Chain of Thought
The Chain of Thought (CoT) prompting technique, introduced by Wei, Jason et al (2022), encourages an LLM to articulate its reasoning steps before arriving at a final answer to a given task.
Before its introduction, scaling LLMs had demonstrated the ability to generate coherent text and solve various tasks. However, these LLMs still underperformed on complex reasoning tasks like arithmetic and symbolic reasoning. While some prompting techniques and in-context learning had already been discovered, none had successfully enabled LLMs to handle complex reasoning tasks.

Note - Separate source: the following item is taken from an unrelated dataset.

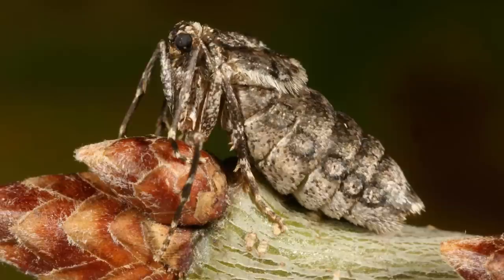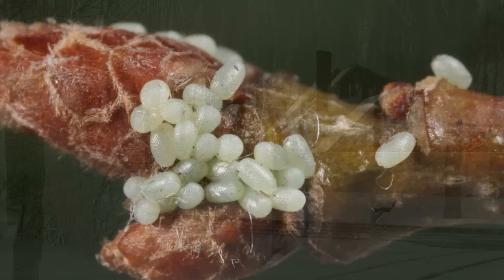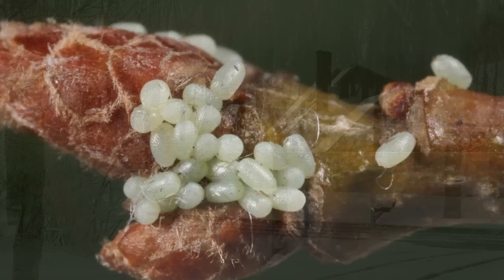The flightless females are about one third of an inch long, gray in color, and may be seen climbing trees or sides of houses to lay eggs, even on cold days. By midwinter, the adults die.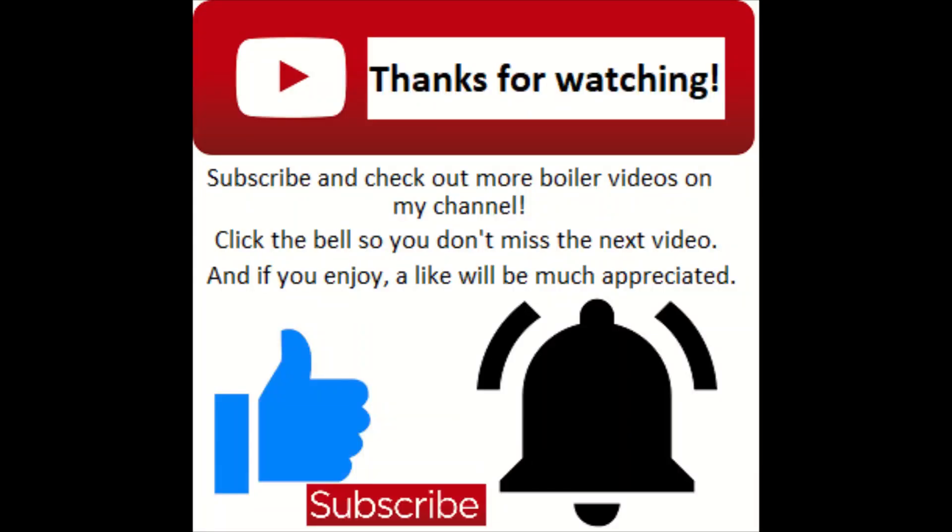That about does it for this episode. If you've enjoyed, don't forget to drop a like. If there's anything you want to see — like how to service a boiler, or a question about a particular boiler, even one I haven't shown yet — leave a comment below and I shall get back to you. Cheers folks, stay safe.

Original Implementation Details
CoT was originally introduced as a few-shot prompting technique where each included examplar is augmented with a chain of thought that explains how the final answer was determined. An example of such an examplar taken from the original paper is provided below:
# An examplar
examplar:
question: >
Roger has 5 tennis balls. He buys 2 more cans of tennis balls. Each
can has 3 tennis balls. How many tennis balls does he have now?
chain of thought: >
Roger started with 5 balls. 2 cans of 3 tennis balls each
is 6 tennis balls. 5 + 6 = 11.
answer: The answer is 11.
The authors used the same set of 8 examplars across all tested benchmarks, with the exception of AQuA for which 4 examplars derived from the training set was used instead.
Performance
With larger models, CoT outperformed standard prompting across all tested reasoning benchmarks (mathematical, commonsense, and symbolic). For some of these, it even achieved state of the art results, beating out previous methods that relied on fine-tuning. However, CoT added little benefit for smaller models, leading the authors to posit it as an emergent ability of model scale.
Limitations
One of the noted limitations of CoT is the lack of guarantees on correct reasoning paths taken by the LLM. In other words, the reasoning steps that the LLM performs can be flawed, leading to inefficient token generation and potentially amplifying the issue of LLM hallucinations.
Modern Implementations
Since its introdcution, the CoT prompting technique has become more flexible. Broadly speaking, it is widely recognized as a prompting technique that elicits a chain of thought output in its generation. To do so, many include general instructions in the prompt, specifying the desired output format and other requirements. With these system instructions and output formats, CoT can also be implemented in a zero-shot fashion.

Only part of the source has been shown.